CLOMAZOL Vaginal cream Ref.[50650] Active ingredients: Clotrimazole

Source: Medicines and Medical Devices Safety Authority (NZ)  Revision Year: 2022  Publisher: Multichem NZ Ltd, Private Bag 93527, Takapuna, AUCKLAND 0740 Telephone: (09) 478 3841

5.1. Pharmacodynamic properties

ATC Code: G01AF02, antifungals for vaginal use – imidazole and triazole derivatives

Mechanism of action

Azoles (e.g. clotrimazole) are usually recommended for the local treatment of vulvovaginal candidosis that is characterised by vulvovaginal symptoms such as itching, burning, discharge, redness, swelling and soreness.

Clotrimazole acts against fungi by inhibiting ergosterol synthesis. Inhibition of ergosterol synthesis leads to structural and functional impairment of the fungal cytoplasmic membrane.

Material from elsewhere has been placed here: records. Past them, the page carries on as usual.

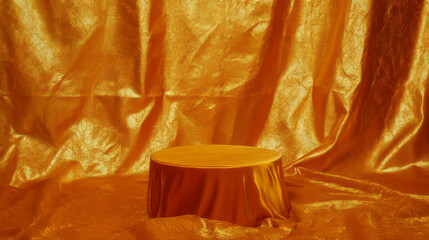 Poster - Elegant gold podium with velvet covering for luxury display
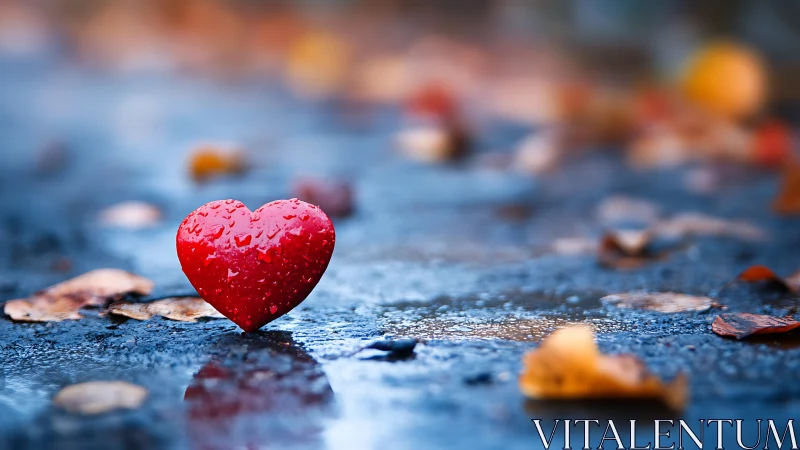 Red Heart in Rain: A Moment of Love and Hope.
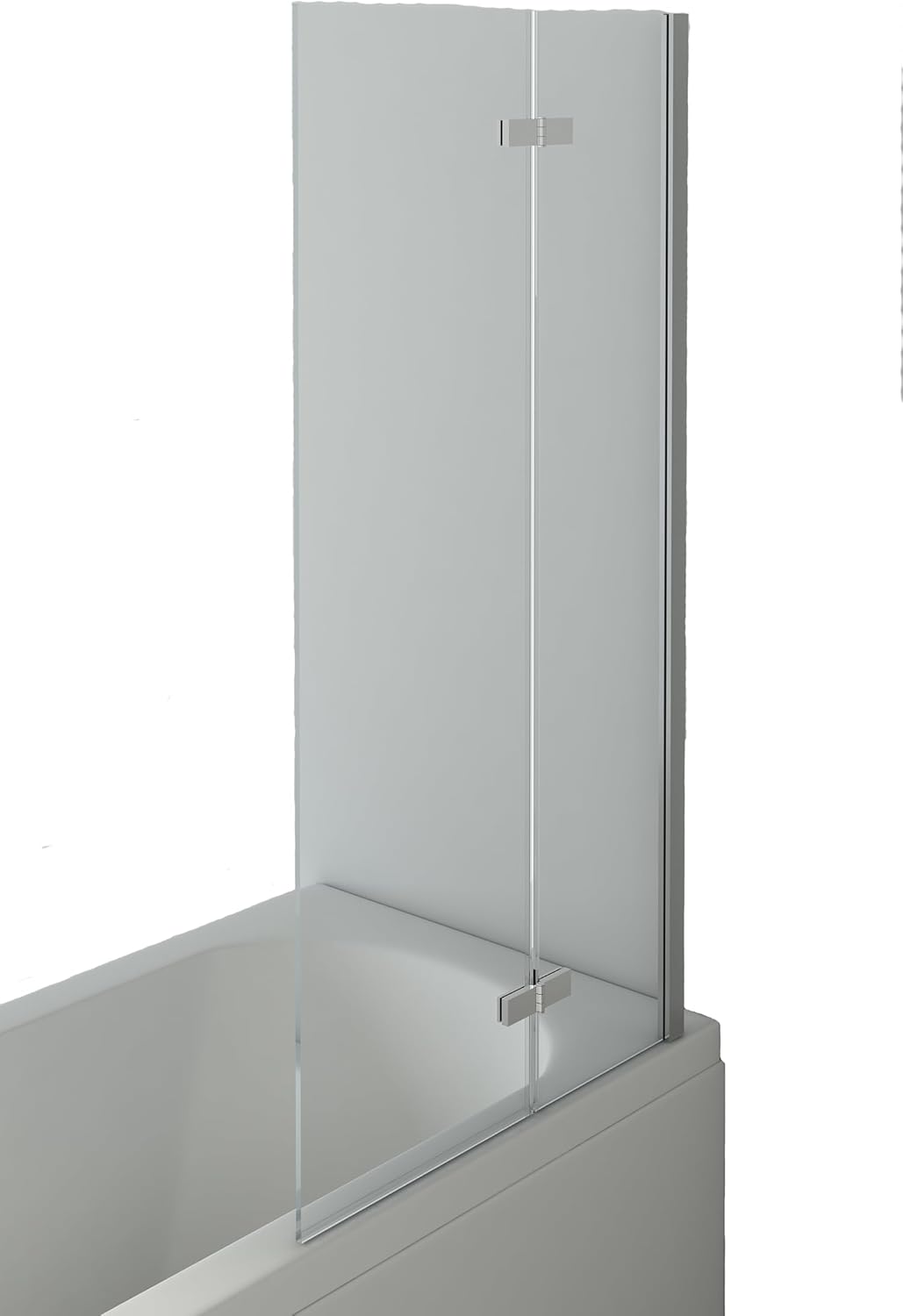 VeeBath SSF031 Fenwick 5mm Bifold Toughened Safety Glass Bath Screen Folding Shower Panel Chrome - 1400x750mm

Clotrimazole has a broad antimycotic spectrum of action in vitro and in vivo, which includes dermatophytes, yeasts, moulds, etc.

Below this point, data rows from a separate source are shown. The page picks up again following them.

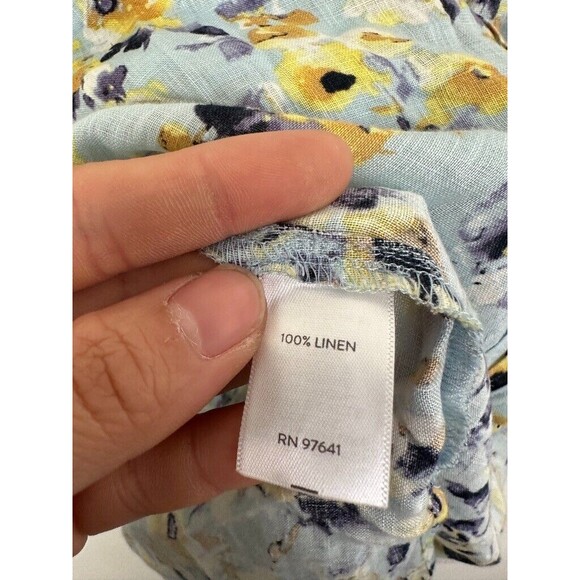 J Jill Love Linen Floral Tunic Top Button Down Blue 3/4 Sleeve Women's Large - Picture 6 of 9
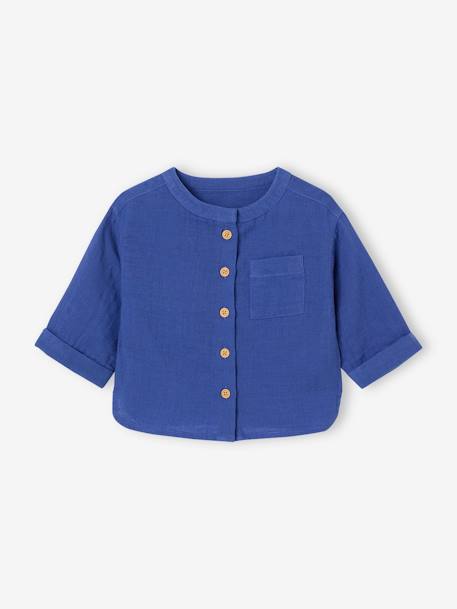Chemise bébé col mao en gaze de coton personnalisable bleu électrique+écru+vert foncé - vertbaudet enfant 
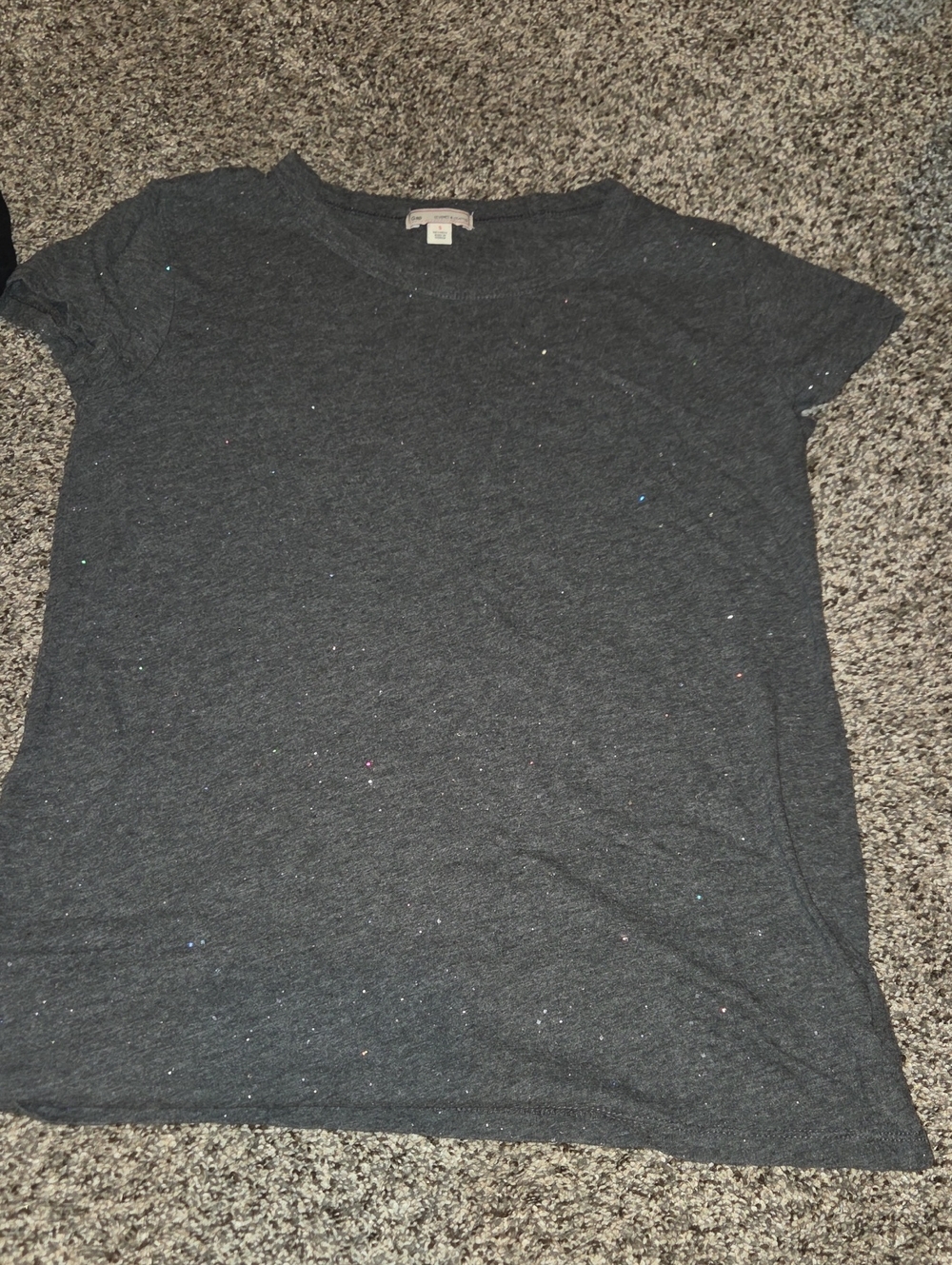 GAP Charcoal Short-Sleeve Tee with Subtle Sparkle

Under appropriate test conditions, the MIC values for these types of fungi are in the region of less than 0.062 – 8.0 μg/mL substrate.

The mode of action of clotrimazole is primarily fungistatic or fungicidal depending on the concentration of clotrimazole at the site of infection. In vitro activity is limited to proliferating fungal elements; fungal spores are only slightly sensitive.

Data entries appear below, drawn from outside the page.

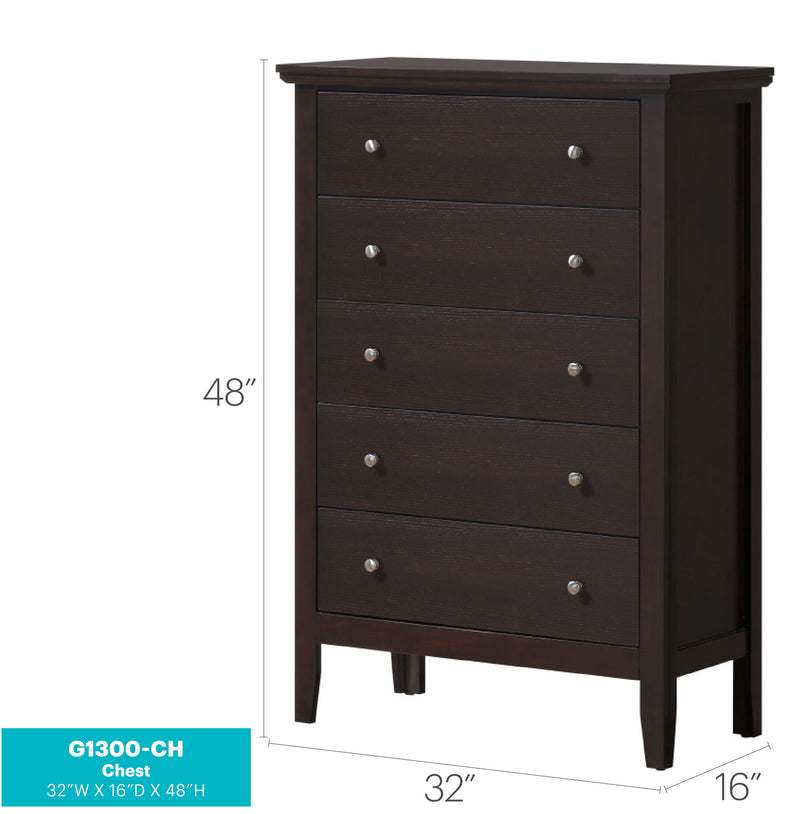 Glory Furniture Primo accent chest with wood finish and decorative hardware, featuring multiple drawers for stylish storage.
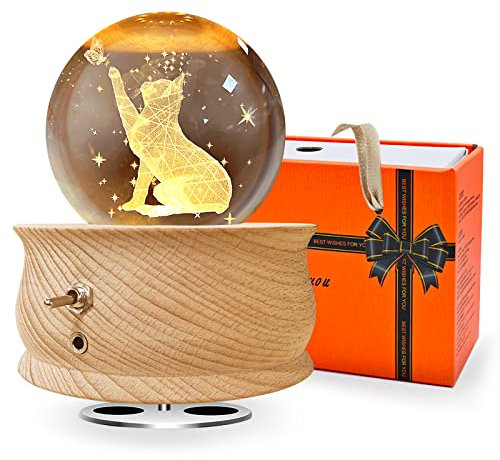 Wholede Carillon in Legno con Sfera di Cristallo Rotante a 360°, Funzione di Proiezione di Luce Calda, Musica Rilassante, Lampada a LED, Idea Regalo da Donna, per Il Compleanno e la Festa della Mamma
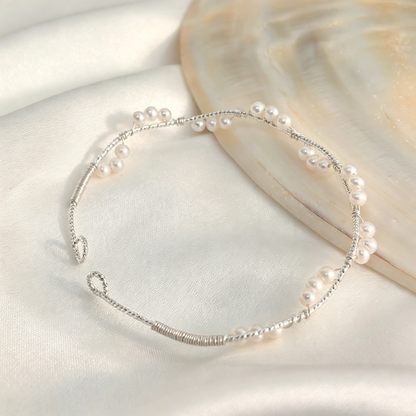 Handmade Wire Wrapped Freshwater Pearl Open Cuff Bracelet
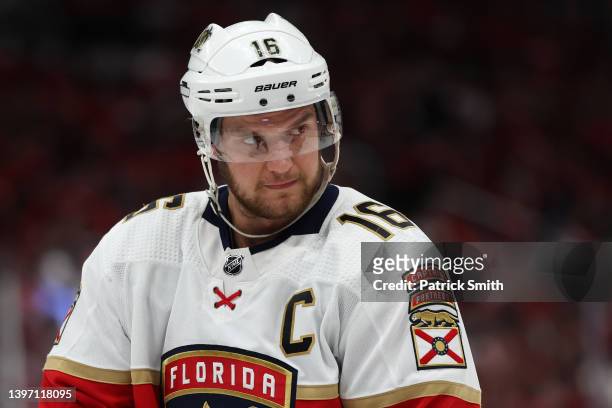 Aleksander Barkov of the Florida Panthers looks on against the Washington Capitals during the first period in Game Six of the First Round of the 2022...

In addition to its antimycotic action, clotrimazole also acts on gram-positive micro-organisms (Streptococci / Staphylococci / Gardnerella vaginalis) and gram-negative micro-organisms (Bacteroides).

In vitro clotrimazole inhibits the multiplication of Corynebacteria and gram-positive cocci (with the exception of Enterococci) in concentrations of 0.5 – 10 μg/mL substrate.

Primarily resistant variants of sensitive fungal species are very rare; the development of secondary resistance by sensitive fungi has so far only been observed in very isolated cases under therapeutic conditions.

5.2. Pharmacokinetic properties

Pharmacokinetic investigations after vaginal application have shown that only a small amount of clotrimazole (3 – 10%) is absorbed. Due to the rapid hepatic metabolisation of absorbed clotrimazole into pharmacologically inactive metabolites the resulting peak plasma concentrations of clotrimazole after vaginal application of a 500 mg dose were less than 10 ng/mL, suggesting that clotrimazole applied intravaginally is unlikely to lead to measurable systemic effects or side effects.

5.3. Preclinical safety data

Non-clinical data reveal no special hazard for humans based on conventional studies of safety pharmacology, repeated dose toxicity, genotoxicity, carcinogenic potential and toxicity to reproduction and development.

The local and systemic tolerance of clotrimazole in different dosage forms was assessed in intravaginal studies in dogs and monkeys and in subacute dermal studies in rabbits. There was no evidence of treatment-related local or systemic adverse effects in any of these studies.

The oral toxicity of clotrimazole has been well-studied.

Following a single oral administration, clotrimazole was slight-to-moderately toxic in experimental animals, with LD50 values of 761 to 923 mg/kg bw for mice, 95 to 114 mg/kg bw for new born rats and 114 to 718 mg/kg bw for adult rats, >1000 mg/kg bw for rabbits and >2000 mg/kg bw for dogs and cats.

In repeated dose oral studies conducted in rats and dogs, the liver was found to be the primary target organ for toxicity. This was evidenced by an increase in serum transaminase activities and the appearance of liver vacuolation and fatty deposits starting at 50 mg/kg in the chronic (78-week) rat study and at 100 mg/kg in the subchronic (13-week) dog study.

Clotrimazole has been extensively studied in in vitro and in vivo mutagencity assays, and no evidence of mutagenic potential was found. A 78-week oral dosing study of clotrimazole in rats did not show any carcinogenic effect.

In a rat fertility study, groups of FB30 rats received oral doses of clotrimazole up to 50 mg/kg bw for 10 weeks prior to mating and either throughout a 3-week mating period (for males only) or, for females, until day 13 of gestation or 4-week postpartum. Neonatal survival was reduced in the 50 mg/kg bw group. Clotrimazole at doses up to 25 mg/kg bw did not impair the development of the pups. Clotrimazole at all doses did not affect fertility.

No teratogenicity effects were demonstrated in studies in mice, rabbits and rats, given oral doses of up to 200, 180 and 100 mg/kg respectively.

A study with 3 lactating rats administered 30 mg/kg clotrimazole intravenously showed that the medicine was secreted into milk at levels higher than in plasma by a factor of 10 to 20 at 4 hours after administration, followed by a decline to a factor of 0.4 by 24 hours.

Given the limited absorption of clotrimazole after vaginal application (estimated to be 3% - 10%) no hazard is expected from the use of vaginal clotrimazole.